This repository contains the working code for the example in the [blog post](https://aiven.io/developer/find-faces-with-pgvector)

The below is the overall flow:

![Overall flow](https://github.com/Aiven-Labs/pgvector-image-recognition/blob/main/entire_flow.jpg?raw=1)

## Step 0: Install requirements

In [None]:
# %pip install opencv-python imgbeddings psycopg2-binary

^C
Note: you may need to restart the kernel to use updated packages.
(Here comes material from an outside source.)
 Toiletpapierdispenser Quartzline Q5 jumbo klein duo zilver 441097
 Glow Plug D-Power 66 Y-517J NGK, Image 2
## Step 1: Face recognition

Detect the faces from the [test-image](test-image.png) picture and store them under the `stored-faces` folder

In [None]:
import cv2

alg = "haarcascade_frontalface_default.xml"
# passing the algorithm to OpenCV
haar_cascade = cv2.CascadeClassifier(alg)
file_name = "sample.jpeg"
img = cv2.imread(file_name, 0)
gray_img = cv2.cvtColor(img, cv2.COLOR_RGB2BGR)
faces = haar_cascade.detectMultiScale(
    gray_img, scaleFactor=1.05, minNeighbors=2, minSize=(100, 100)
)

i = 0
for x, y, w, h in faces:
    cropped_image = img[y : y + h, x : x + w]
    target_file_name = 'stored-faces/' + str(i) + '.jpg'
    cv2.imwrite(
        target_file_name,
        cropped_image,
    )
    i = i + 1;

## Step 2: Embeddings Calculation

Calculate embeddings from the faces and pushing to PostgreSQL, you'll need to change the `<SERVICE_URI>` parameter with the PostgreSQL Service URI

In [None]:
import numpy as np
from imgbeddings import imgbeddings
from PIL import Image
import psycopg2
import os

conn = psycopg2.connect("<SERVICE_URI>")

for filename in os.listdir("stored-faces"):
    img = Image.open("stored-faces/" + filename)
    ibed = imgbeddings()
    embedding = ibed.to_embeddings(img)
    cur = conn.cursor()
    cur.execute("INSERT INTO pictures values (%s,%s)", (filename, embedding[0].tolist()))
    print(filename)
conn.commit()

## Step 3: Calculate embeddings on a new picture

Find the face and calculate the embeddings on the picture `solo-image.png` used for research

In [None]:
# loading the face image path into file_name variable
file_name = "solo-image.png" 
# opening the image
img = Image.open(file_name)
# loading the `imgbeddings`
ibed = imgbeddings()
# calculating the embeddings
embedding = ibed.to_embeddings(img)

## Step 3: Find similar images by querying the Postgresql database using pgvector

In [None]:
from IPython.display import Image, display

cur = conn.cursor()
string_representation = "["+ ",".join(str(x) for x in embedding[0].tolist()) +"]"
cur.execute("SELECT * FROM pictures ORDER BY embedding <-> %s LIMIT 1;", (string_representation,))
rows = cur.fetchall()
for row in rows:
    display(Image(filename="stored-faces/"+row[0]))
cur.close()